Copy exactly the run of lines that begins at the line with "OTOK KRK, VRBNIK" and ends at the final line of the entries.

Dataset excerpts |
= = =
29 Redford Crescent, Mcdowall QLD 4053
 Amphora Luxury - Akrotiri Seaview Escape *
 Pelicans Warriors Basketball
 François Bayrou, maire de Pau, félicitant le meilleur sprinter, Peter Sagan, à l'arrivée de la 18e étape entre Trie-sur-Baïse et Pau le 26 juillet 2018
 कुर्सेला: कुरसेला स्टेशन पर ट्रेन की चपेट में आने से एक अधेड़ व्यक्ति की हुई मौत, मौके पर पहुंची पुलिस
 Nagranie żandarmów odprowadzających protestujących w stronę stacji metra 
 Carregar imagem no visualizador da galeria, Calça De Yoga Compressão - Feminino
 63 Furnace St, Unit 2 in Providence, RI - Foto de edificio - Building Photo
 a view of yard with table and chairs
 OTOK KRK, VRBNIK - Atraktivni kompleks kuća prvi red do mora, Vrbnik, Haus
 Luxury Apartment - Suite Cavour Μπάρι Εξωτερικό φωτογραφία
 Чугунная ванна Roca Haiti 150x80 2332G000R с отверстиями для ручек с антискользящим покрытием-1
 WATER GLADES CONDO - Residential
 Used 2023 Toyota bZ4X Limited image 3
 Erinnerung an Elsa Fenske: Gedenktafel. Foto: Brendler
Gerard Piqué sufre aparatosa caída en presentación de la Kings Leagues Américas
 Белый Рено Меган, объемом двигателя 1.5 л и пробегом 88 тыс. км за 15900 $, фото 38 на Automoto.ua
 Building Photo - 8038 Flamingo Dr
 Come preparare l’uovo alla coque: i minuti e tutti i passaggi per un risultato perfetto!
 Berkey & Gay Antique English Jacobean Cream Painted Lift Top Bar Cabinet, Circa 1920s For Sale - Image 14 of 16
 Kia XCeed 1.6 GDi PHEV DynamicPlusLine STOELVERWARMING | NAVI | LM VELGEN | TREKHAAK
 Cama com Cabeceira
= = =
Exercise answer |
 OTOK KRK, VRBNIK - Atraktivni kompleks kuća prvi red do mora, Vrbnik, Haus
 Luxury Apartment - Suite Cavour Μπάρι Εξωτερικό φωτογραφία
 Чугунная ванна Roca Haiti 150x80 2332G000R с отверстиями для ручек с антискользящим покрытием-1
 WATER GLADES CONDO - Residential
 Used 2023 Toyota bZ4X Limited image 3
 Erinnerung an Elsa Fenske: Gedenktafel. Foto: Brendler
Gerard Piqué sufre aparatosa caída en presentación de la Kings Leagues Américas
 Белый Рено Меган, объемом двигателя 1.5 л и пробегом 88 тыс. км за 15900 $, фото 38 на Automoto.ua
 Building Photo - 8038 Flamingo Dr
 Come preparare l’uovo alla coque: i minuti e tutti i passaggi per un risultato perfetto!
 Berkey & Gay Antique English Jacobean Cream Painted Lift Top Bar Cabinet, Circa 1920s For Sale - Image 14 of 16
 Kia XCeed 1.6 GDi PHEV DynamicPlusLine STOELVERWARMING | NAVI | LM VELGEN | TREKHAAK
 Cama com Cabeceira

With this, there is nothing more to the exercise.